▶ [REQUIRED WORK]:
Line by line, return the listing exactly, without any of the images.

▶ [DATA FOR THE TASK]:
───

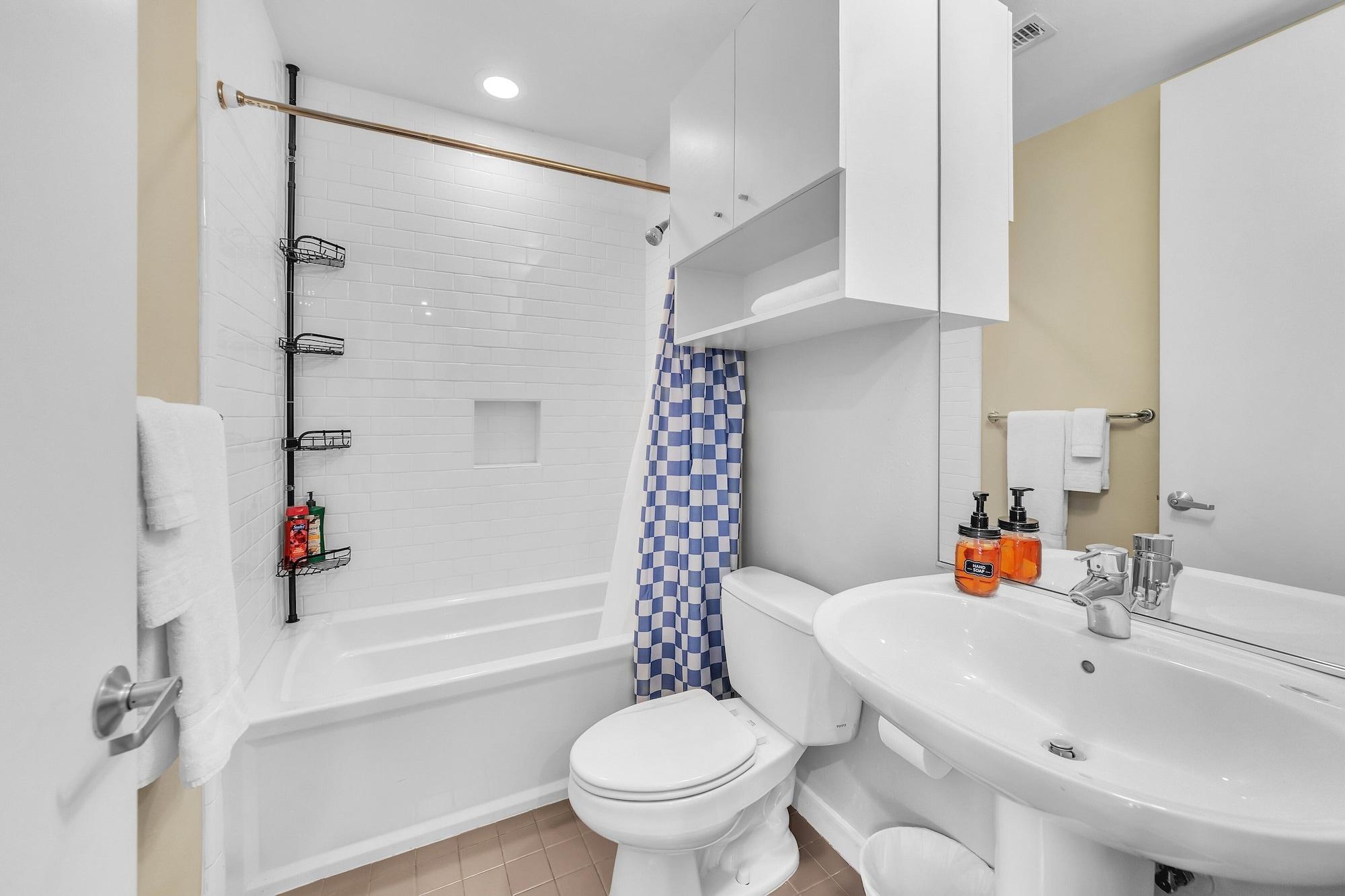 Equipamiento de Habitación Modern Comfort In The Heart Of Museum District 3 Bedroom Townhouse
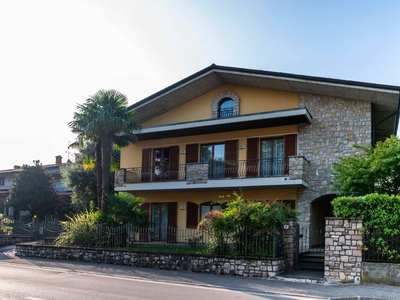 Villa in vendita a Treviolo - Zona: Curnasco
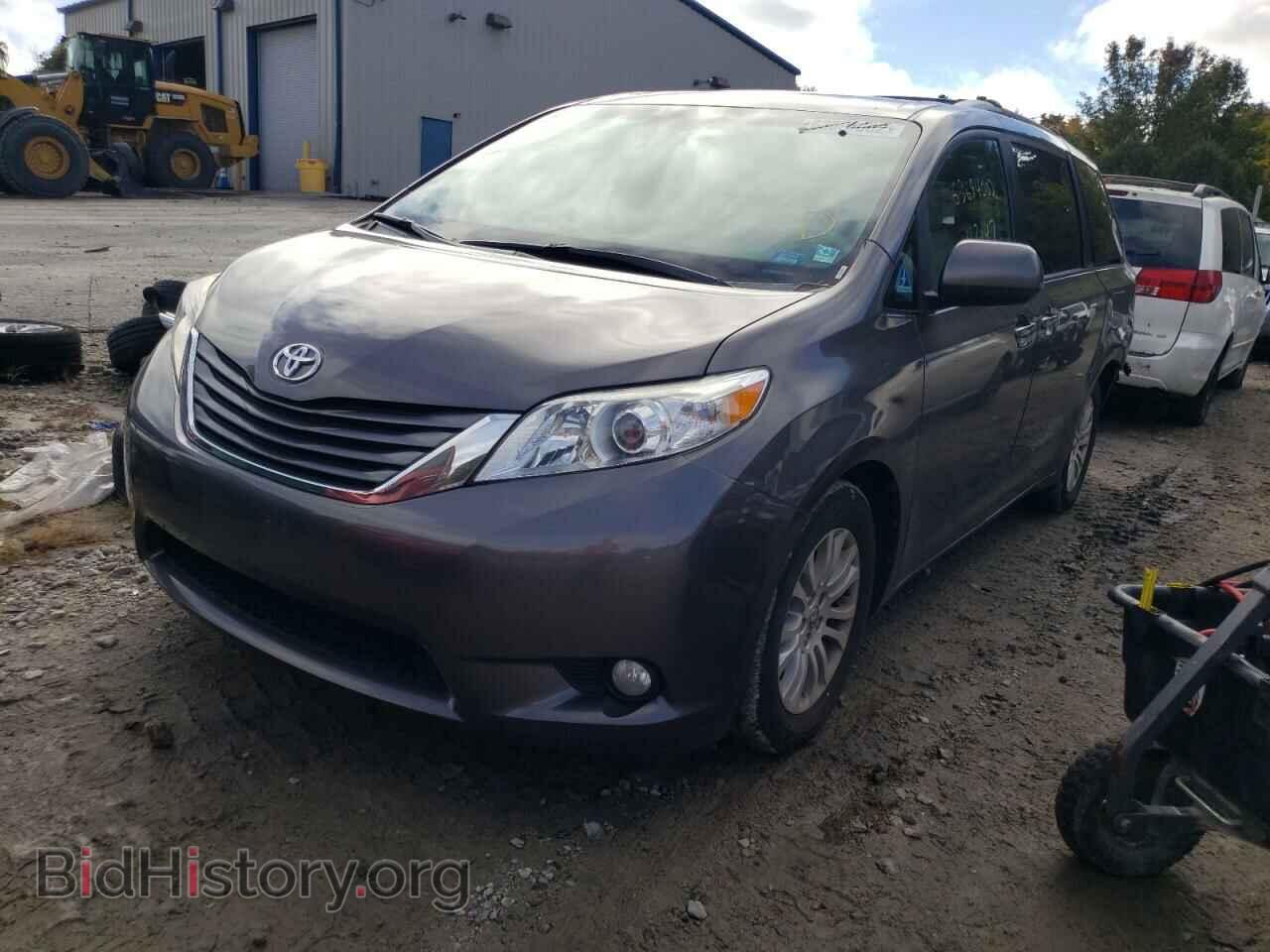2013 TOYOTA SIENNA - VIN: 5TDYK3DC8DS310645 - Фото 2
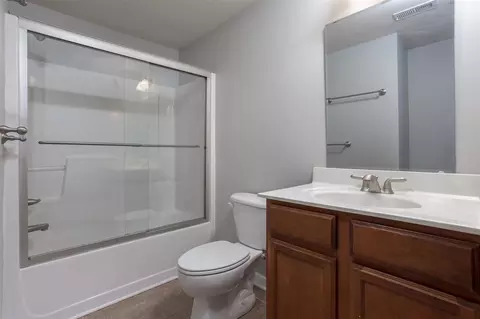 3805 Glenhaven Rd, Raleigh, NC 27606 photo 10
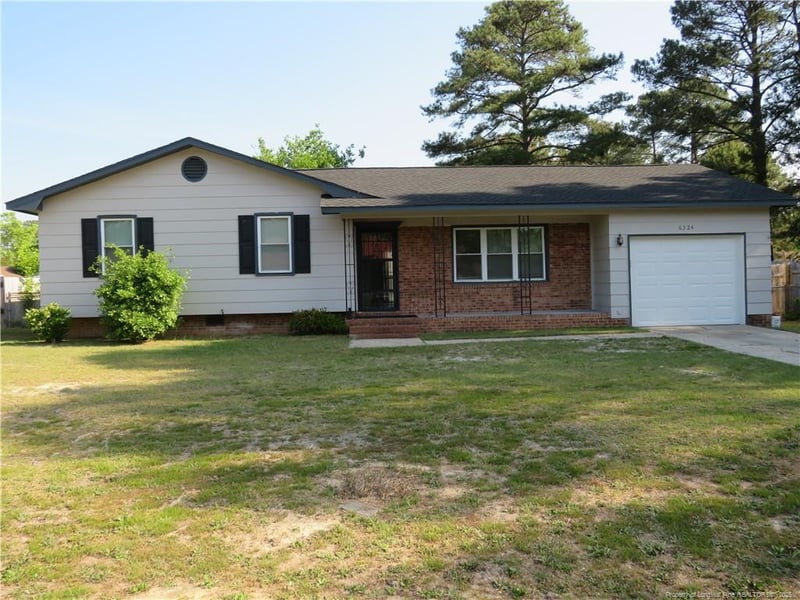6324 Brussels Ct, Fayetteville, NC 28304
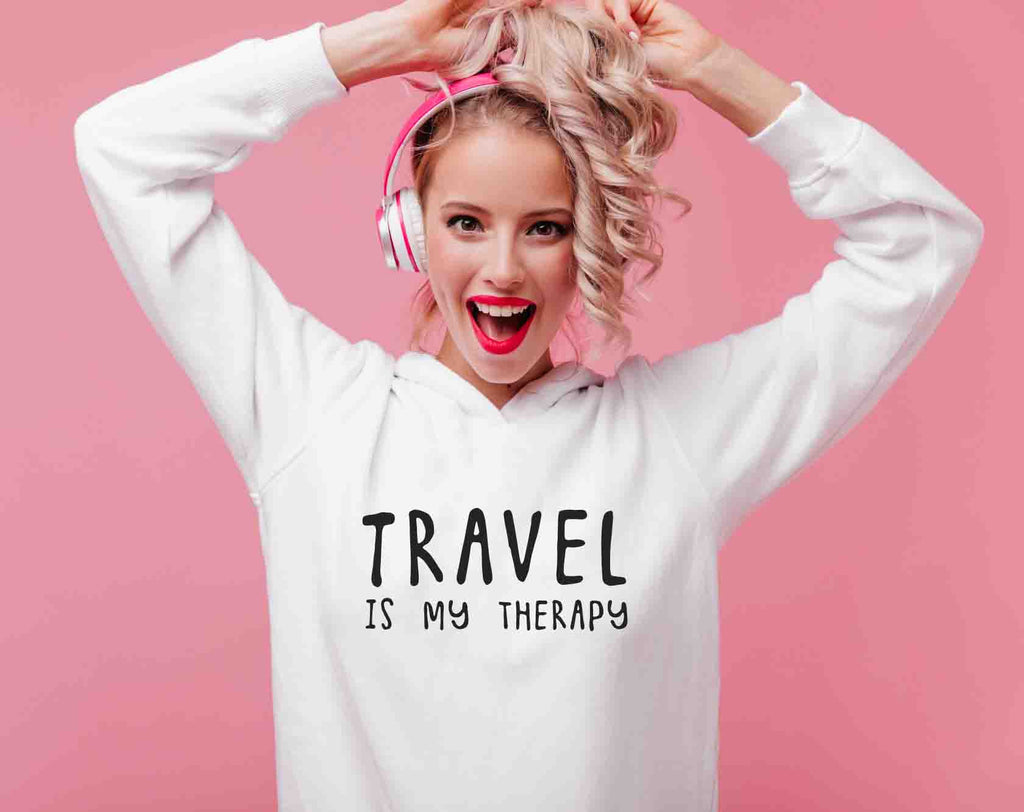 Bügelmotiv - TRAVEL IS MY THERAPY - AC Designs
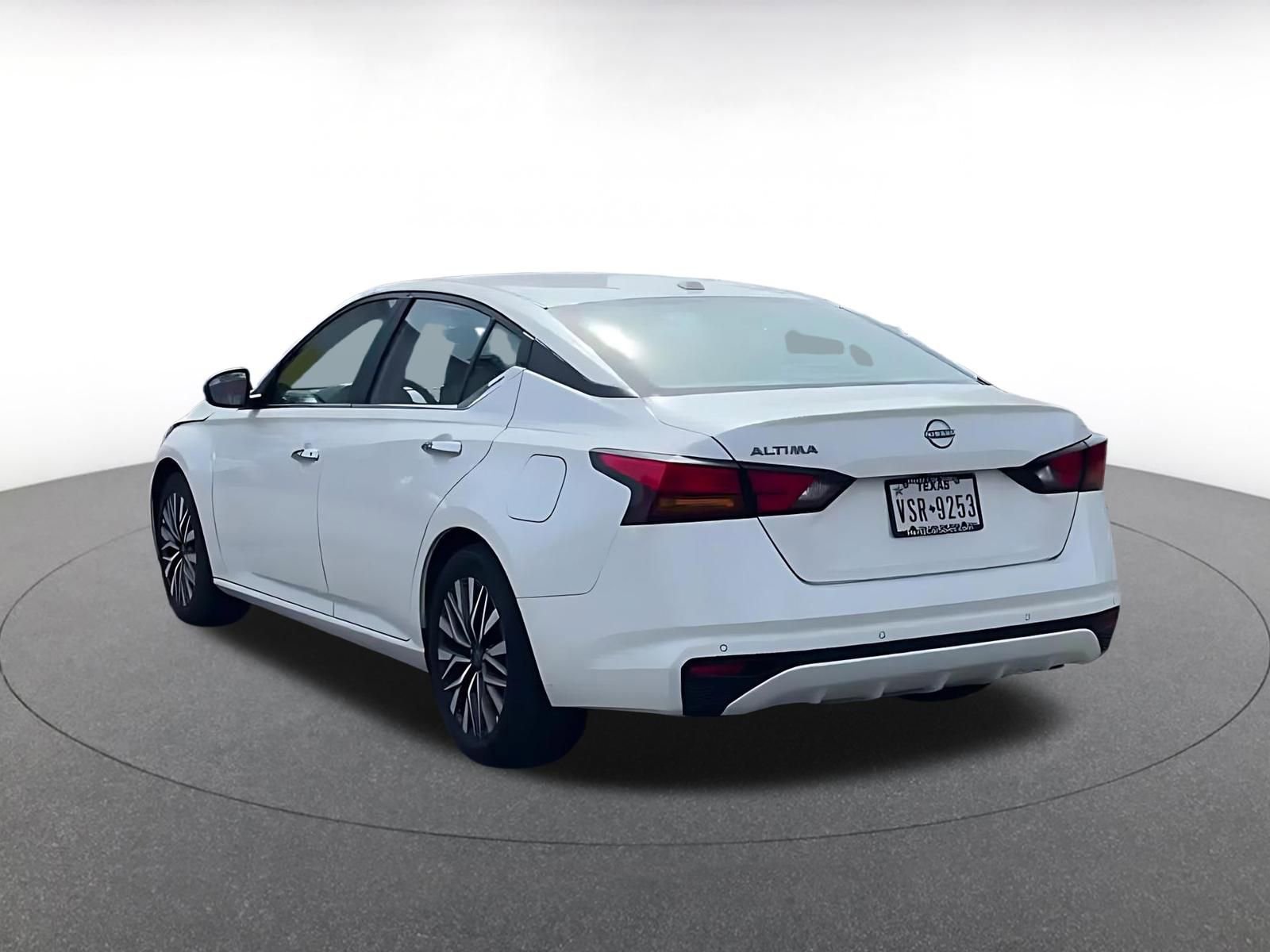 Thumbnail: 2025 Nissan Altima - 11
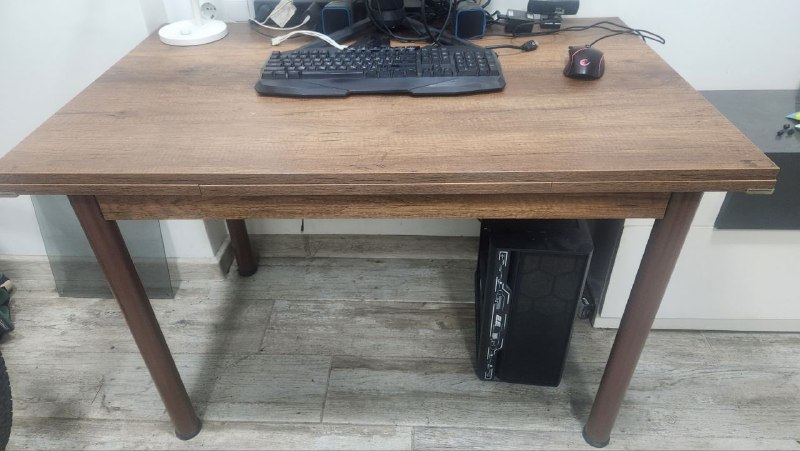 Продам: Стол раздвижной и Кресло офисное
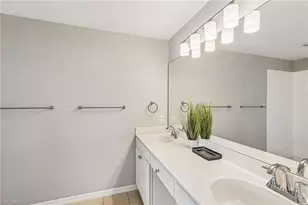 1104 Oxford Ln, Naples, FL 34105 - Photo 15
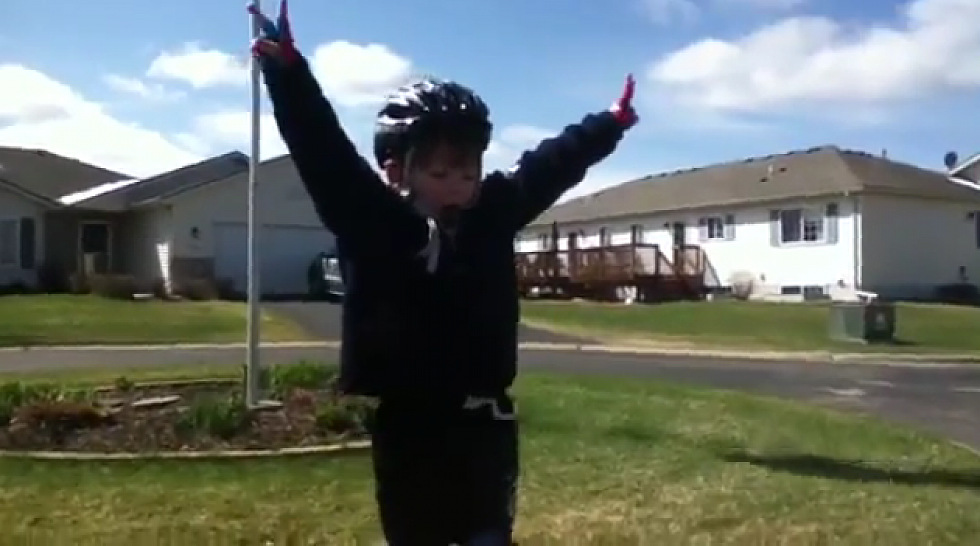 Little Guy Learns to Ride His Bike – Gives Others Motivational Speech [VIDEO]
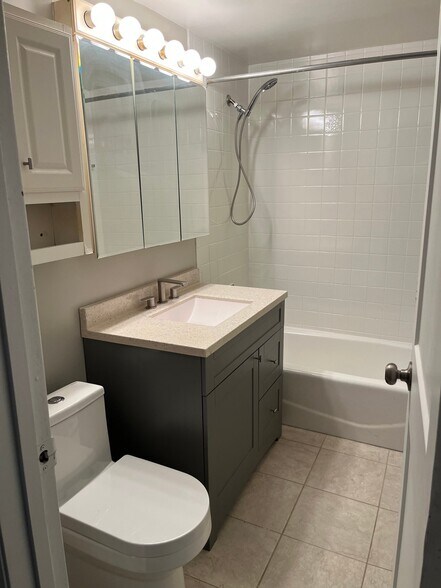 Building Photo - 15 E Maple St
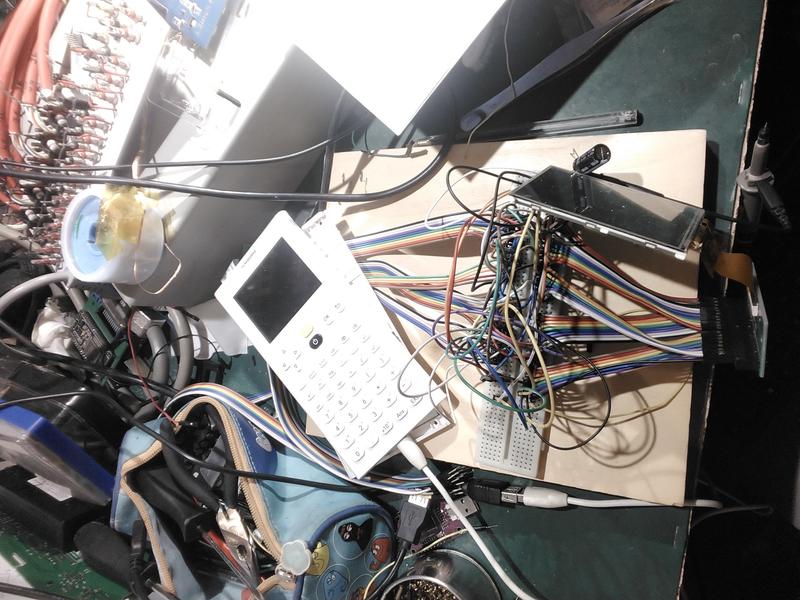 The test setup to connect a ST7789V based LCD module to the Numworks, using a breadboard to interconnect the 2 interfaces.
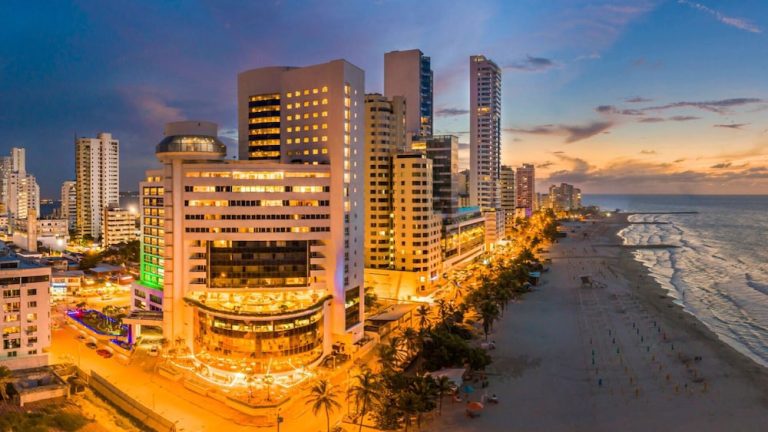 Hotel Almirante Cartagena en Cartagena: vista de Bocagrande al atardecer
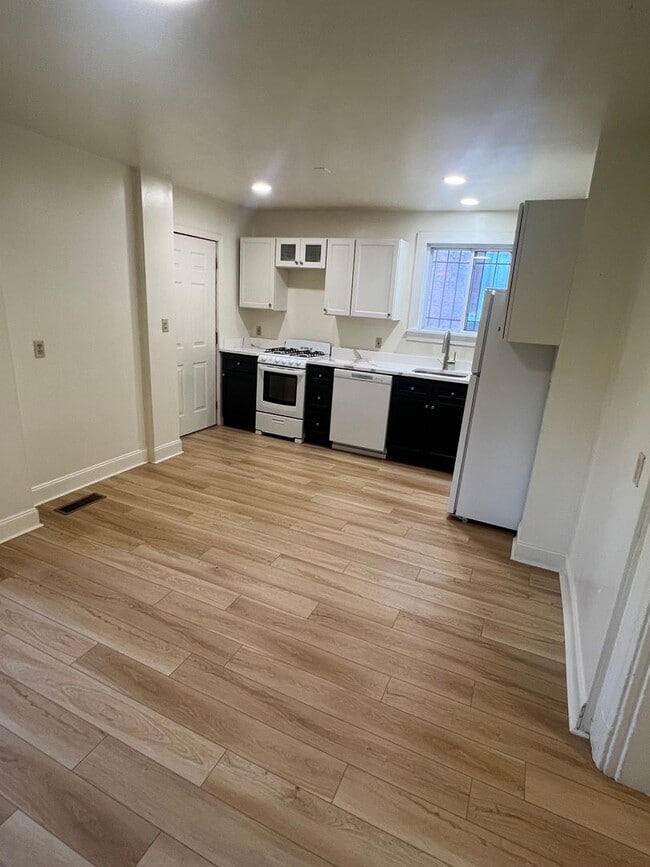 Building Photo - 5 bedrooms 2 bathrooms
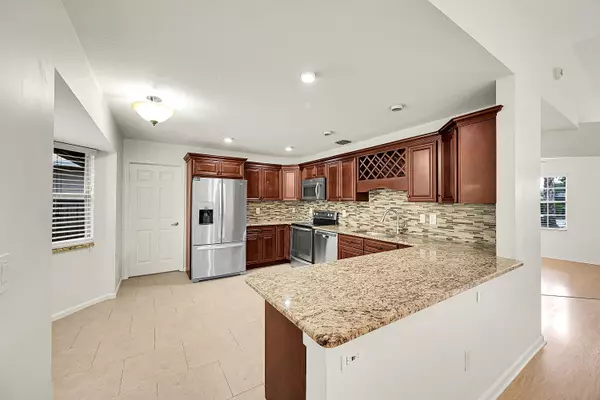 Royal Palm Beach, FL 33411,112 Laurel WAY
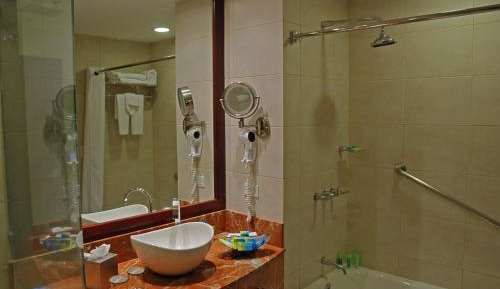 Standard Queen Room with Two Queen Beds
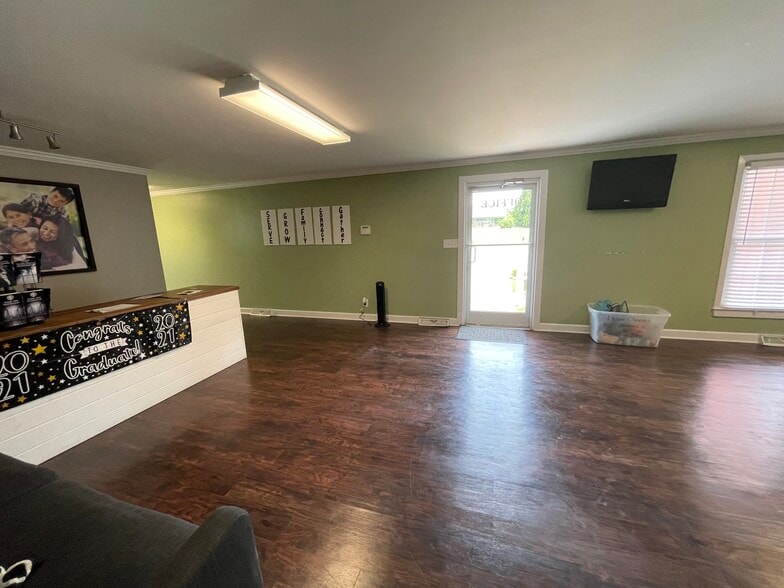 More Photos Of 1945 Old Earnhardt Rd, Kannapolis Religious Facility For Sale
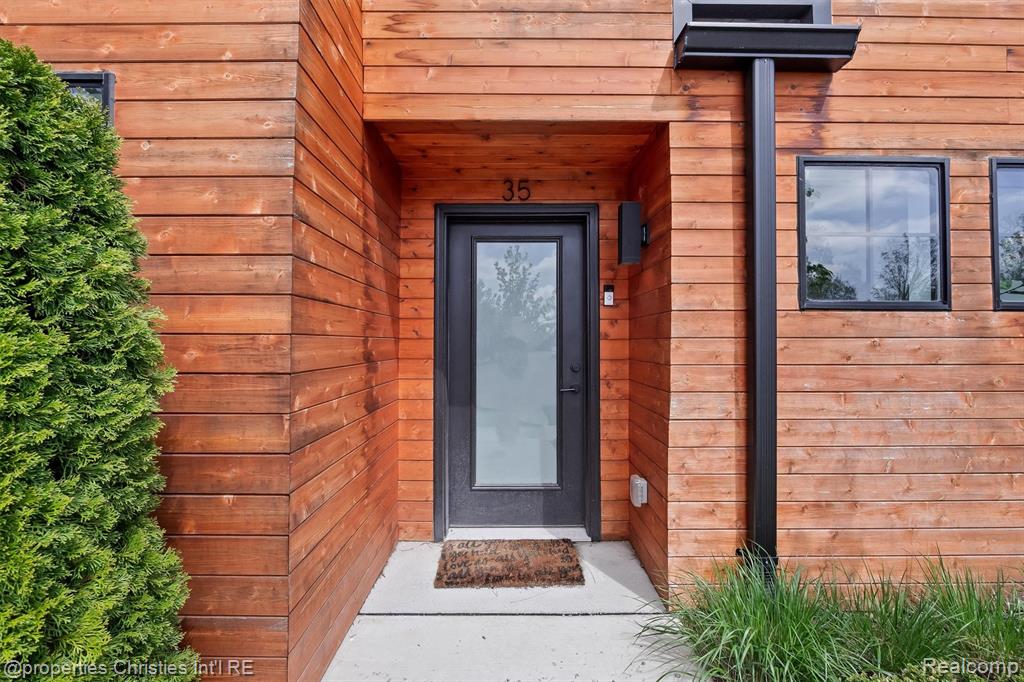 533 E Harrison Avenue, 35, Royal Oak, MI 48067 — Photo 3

───

▶ [RESPONSE]:
 Equipamiento de Habitación Modern Comfort In The Heart Of Museum District 3 Bedroom Townhouse
 Villa in vendita a Treviolo - Zona: Curnasco
2013 TOYOTA SIENNA - VIN: 5TDYK3DC8DS310645 - Фото 2
 3805 Glenhaven Rd, Raleigh, NC 27606 photo 10
6324 Brussels Ct, Fayetteville, NC 28304
 Bügelmotiv - TRAVEL IS MY THERAPY - AC Designs
 Thumbnail: 2025 Nissan Altima - 11
 Продам: Стол раздвижной и Кресло офисное
 1104 Oxford Ln, Naples, FL 34105 - Photo 15
 Little Guy Learns to Ride His Bike – Gives Others Motivational Speech [VIDEO]
 Building Photo - 15 E Maple St
 The test setup to connect a ST7789V based LCD module to the Numworks, using a breadboard to interconnect the 2 interfaces.
 Hotel Almirante Cartagena en Cartagena: vista de Bocagrande al atardecer
 Building Photo - 5 bedrooms 2 bathrooms
 Royal Palm Beach, FL 33411,112 Laurel WAY
 Standard Queen Room with Two Queen Beds
 More Photos Of 1945 Old Earnhardt Rd, Kannapolis Religious Facility For Sale
 533 E Harrison Avenue, 35, Royal Oak, MI 48067 — Photo 3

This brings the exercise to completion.